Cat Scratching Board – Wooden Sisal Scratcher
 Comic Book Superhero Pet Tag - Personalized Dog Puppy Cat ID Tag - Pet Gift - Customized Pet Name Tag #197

...

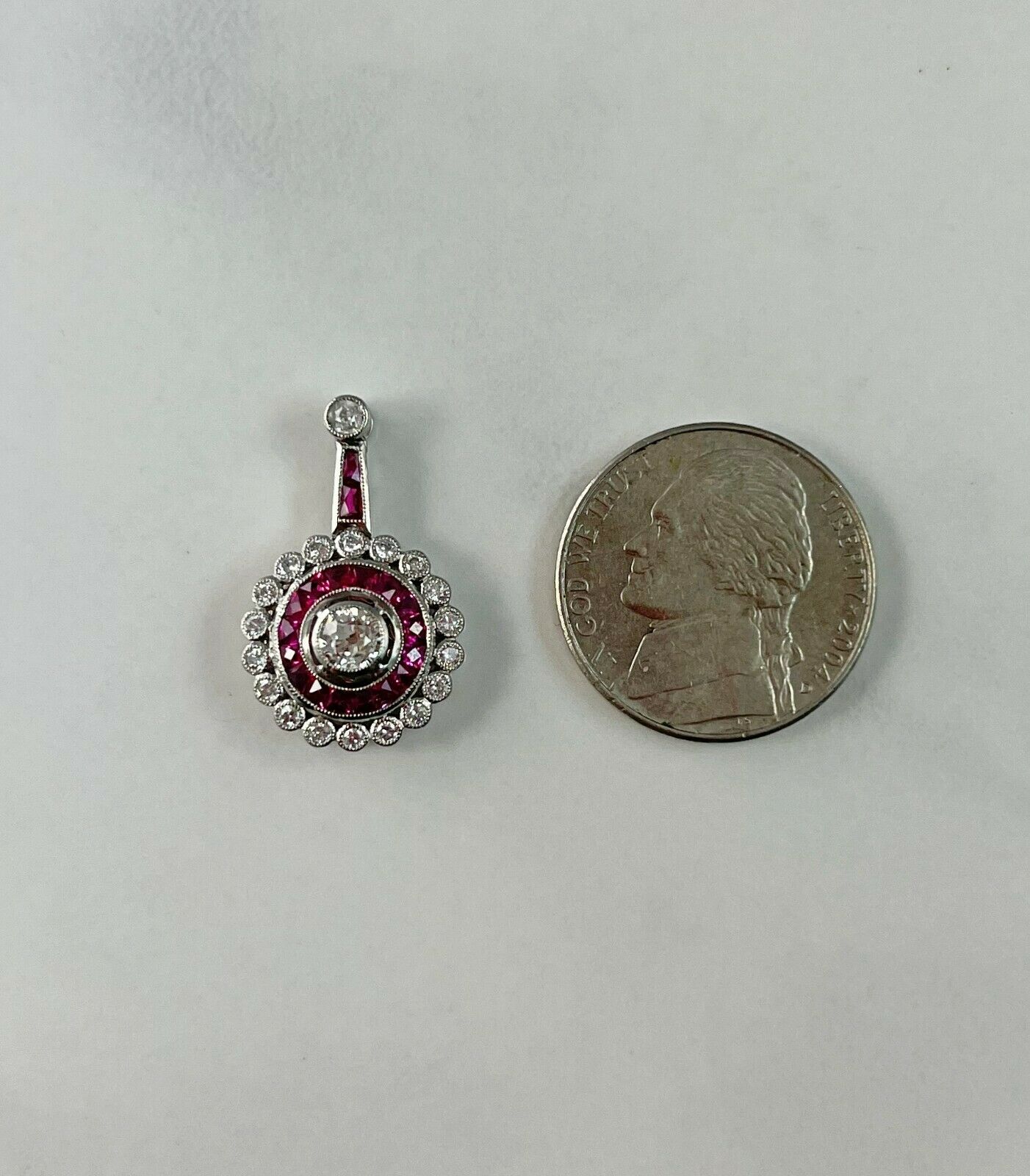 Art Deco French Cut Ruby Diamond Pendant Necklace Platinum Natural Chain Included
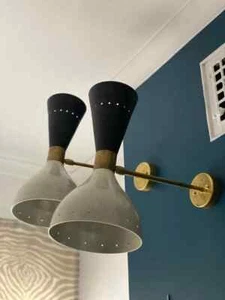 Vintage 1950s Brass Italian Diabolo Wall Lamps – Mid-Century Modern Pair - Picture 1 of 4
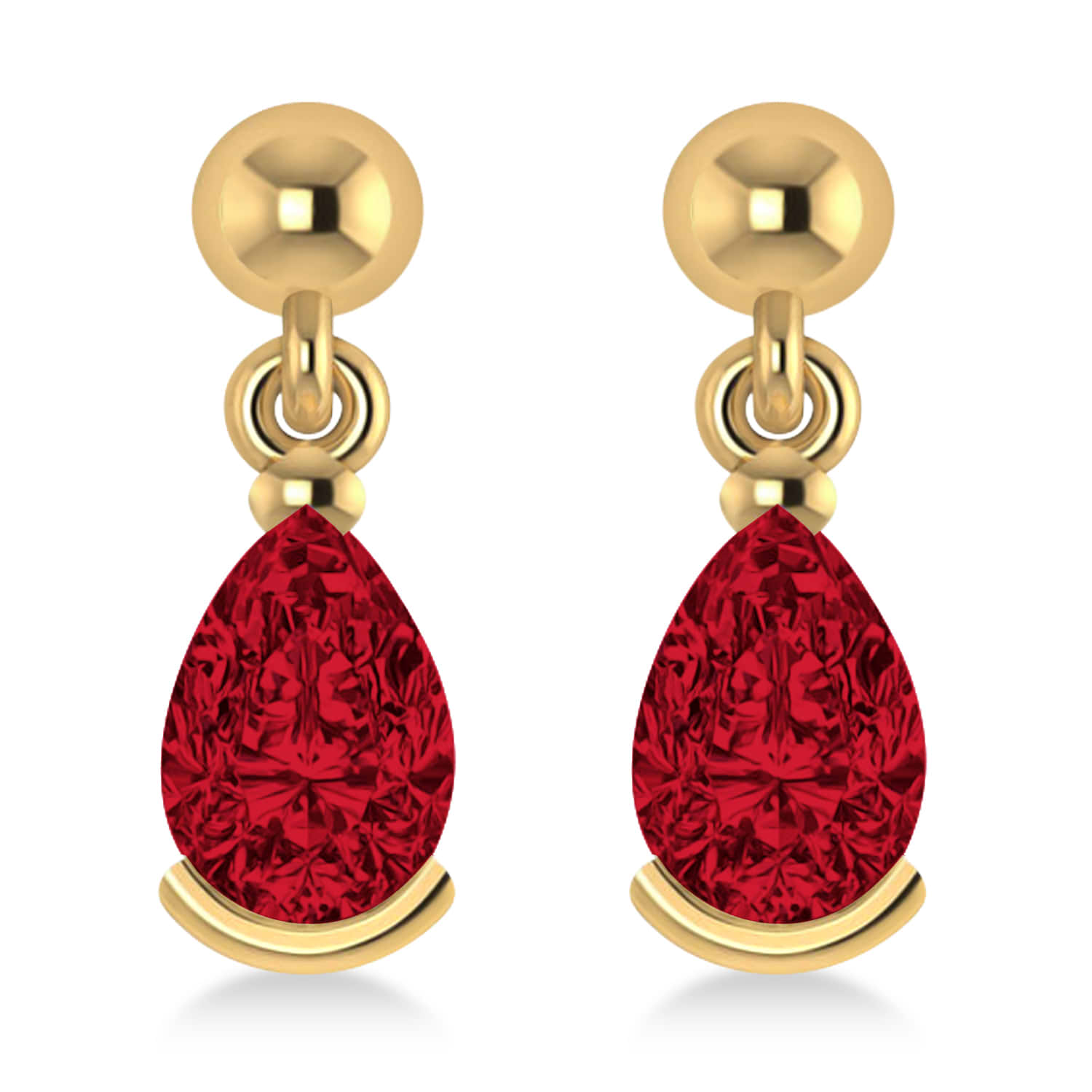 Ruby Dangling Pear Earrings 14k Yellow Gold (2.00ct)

▸ **YOUR GOAL**
From the material above, reproduce only what runs from the line holding "Art Deco French" down to the line holding "Ruby Dangling Pear", both included, pictures excluded.

▸ **YOUR RESPONSE**
 Art Deco French Cut Ruby Diamond Pendant Necklace Platinum Natural Chain Included
 Vintage 1950s Brass Italian Diabolo Wall Lamps – Mid-Century Modern Pair - Picture 1 of 4
 Ruby Dangling Pear Earrings 14k Yellow Gold (2.00ct)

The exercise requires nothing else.